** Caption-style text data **
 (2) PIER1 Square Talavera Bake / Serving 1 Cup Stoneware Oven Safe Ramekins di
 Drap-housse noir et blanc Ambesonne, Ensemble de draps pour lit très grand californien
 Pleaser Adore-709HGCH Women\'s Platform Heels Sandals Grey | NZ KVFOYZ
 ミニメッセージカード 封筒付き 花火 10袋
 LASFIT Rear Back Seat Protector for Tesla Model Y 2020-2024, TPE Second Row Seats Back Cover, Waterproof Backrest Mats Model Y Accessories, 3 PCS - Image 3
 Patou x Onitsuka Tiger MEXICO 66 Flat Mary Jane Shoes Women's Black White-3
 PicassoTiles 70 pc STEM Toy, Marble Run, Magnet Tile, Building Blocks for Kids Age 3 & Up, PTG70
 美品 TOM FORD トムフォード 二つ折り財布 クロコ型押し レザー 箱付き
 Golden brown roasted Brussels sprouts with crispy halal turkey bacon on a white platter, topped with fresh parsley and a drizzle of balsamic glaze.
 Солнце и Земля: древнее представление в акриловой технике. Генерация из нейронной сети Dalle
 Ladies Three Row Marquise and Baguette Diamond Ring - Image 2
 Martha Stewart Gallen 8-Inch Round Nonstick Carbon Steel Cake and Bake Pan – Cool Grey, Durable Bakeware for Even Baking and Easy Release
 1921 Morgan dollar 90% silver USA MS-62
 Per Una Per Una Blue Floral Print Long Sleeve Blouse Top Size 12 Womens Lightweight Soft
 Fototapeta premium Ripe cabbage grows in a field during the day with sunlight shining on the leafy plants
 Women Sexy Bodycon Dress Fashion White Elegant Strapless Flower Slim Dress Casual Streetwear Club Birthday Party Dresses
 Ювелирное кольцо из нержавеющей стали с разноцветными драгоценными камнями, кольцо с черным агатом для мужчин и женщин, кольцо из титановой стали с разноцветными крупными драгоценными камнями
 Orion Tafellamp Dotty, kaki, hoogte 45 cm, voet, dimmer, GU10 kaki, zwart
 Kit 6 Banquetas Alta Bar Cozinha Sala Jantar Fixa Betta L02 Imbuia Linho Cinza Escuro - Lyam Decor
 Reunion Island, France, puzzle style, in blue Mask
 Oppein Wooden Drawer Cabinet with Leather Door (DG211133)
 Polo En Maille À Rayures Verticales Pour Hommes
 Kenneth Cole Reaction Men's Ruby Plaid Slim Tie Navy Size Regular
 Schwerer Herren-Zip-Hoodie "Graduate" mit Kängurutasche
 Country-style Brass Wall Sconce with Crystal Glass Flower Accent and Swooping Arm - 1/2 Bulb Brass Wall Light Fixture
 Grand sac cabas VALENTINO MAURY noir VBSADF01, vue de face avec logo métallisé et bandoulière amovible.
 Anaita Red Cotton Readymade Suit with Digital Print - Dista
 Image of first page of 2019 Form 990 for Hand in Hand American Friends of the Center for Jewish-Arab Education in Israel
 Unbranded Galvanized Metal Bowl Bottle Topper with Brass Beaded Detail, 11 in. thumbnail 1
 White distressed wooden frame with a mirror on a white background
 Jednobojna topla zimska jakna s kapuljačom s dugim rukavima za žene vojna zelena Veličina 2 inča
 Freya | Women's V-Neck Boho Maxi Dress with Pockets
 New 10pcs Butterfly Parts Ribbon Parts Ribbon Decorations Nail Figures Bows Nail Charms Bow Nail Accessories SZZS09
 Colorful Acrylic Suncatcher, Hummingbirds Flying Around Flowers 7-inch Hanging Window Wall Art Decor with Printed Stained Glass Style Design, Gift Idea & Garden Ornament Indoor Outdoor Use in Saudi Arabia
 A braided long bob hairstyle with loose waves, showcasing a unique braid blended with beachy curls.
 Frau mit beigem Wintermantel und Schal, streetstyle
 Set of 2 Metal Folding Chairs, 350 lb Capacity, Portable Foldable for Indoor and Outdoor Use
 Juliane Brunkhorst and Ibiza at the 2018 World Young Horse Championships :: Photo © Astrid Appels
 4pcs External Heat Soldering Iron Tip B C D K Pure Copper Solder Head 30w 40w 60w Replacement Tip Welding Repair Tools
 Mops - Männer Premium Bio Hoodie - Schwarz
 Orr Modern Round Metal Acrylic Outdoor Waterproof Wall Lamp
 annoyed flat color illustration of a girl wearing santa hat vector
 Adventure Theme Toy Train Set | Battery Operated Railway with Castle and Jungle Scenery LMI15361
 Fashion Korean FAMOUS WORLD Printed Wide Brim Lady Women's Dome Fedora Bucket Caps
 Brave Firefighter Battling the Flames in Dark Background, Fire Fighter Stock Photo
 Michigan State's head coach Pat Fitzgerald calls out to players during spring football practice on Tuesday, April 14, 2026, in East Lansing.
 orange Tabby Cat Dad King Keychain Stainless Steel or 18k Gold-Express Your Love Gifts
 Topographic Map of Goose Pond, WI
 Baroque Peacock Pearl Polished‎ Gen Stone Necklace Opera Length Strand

** PROBLEM TO SOLVE **
Exact duplication is required for the lines above, from the line that contains "Per Una Per" to the line that contains "Grand sac cabas", inclusive; omit all others.

** SOLUTION BELOW **
 Per Una Per Una Blue Floral Print Long Sleeve Blouse Top Size 12 Womens Lightweight Soft
 Fototapeta premium Ripe cabbage grows in a field during the day with sunlight shining on the leafy plants
 Women Sexy Bodycon Dress Fashion White Elegant Strapless Flower Slim Dress Casual Streetwear Club Birthday Party Dresses
 Ювелирное кольцо из нержавеющей стали с разноцветными драгоценными камнями, кольцо с черным агатом для мужчин и женщин, кольцо из титановой стали с разноцветными крупными драгоценными камнями
 Orion Tafellamp Dotty, kaki, hoogte 45 cm, voet, dimmer, GU10 kaki, zwart
 Kit 6 Banquetas Alta Bar Cozinha Sala Jantar Fixa Betta L02 Imbuia Linho Cinza Escuro - Lyam Decor
 Reunion Island, France, puzzle style, in blue Mask
 Oppein Wooden Drawer Cabinet with Leather Door (DG211133)
 Polo En Maille À Rayures Verticales Pour Hommes
 Kenneth Cole Reaction Men's Ruby Plaid Slim Tie Navy Size Regular
 Schwerer Herren-Zip-Hoodie "Graduate" mit Kängurutasche
 Country-style Brass Wall Sconce with Crystal Glass Flower Accent and Swooping Arm - 1/2 Bulb Brass Wall Light Fixture
 Grand sac cabas VALENTINO MAURY noir VBSADF01, vue de face avec logo métallisé et bandoulière amovible.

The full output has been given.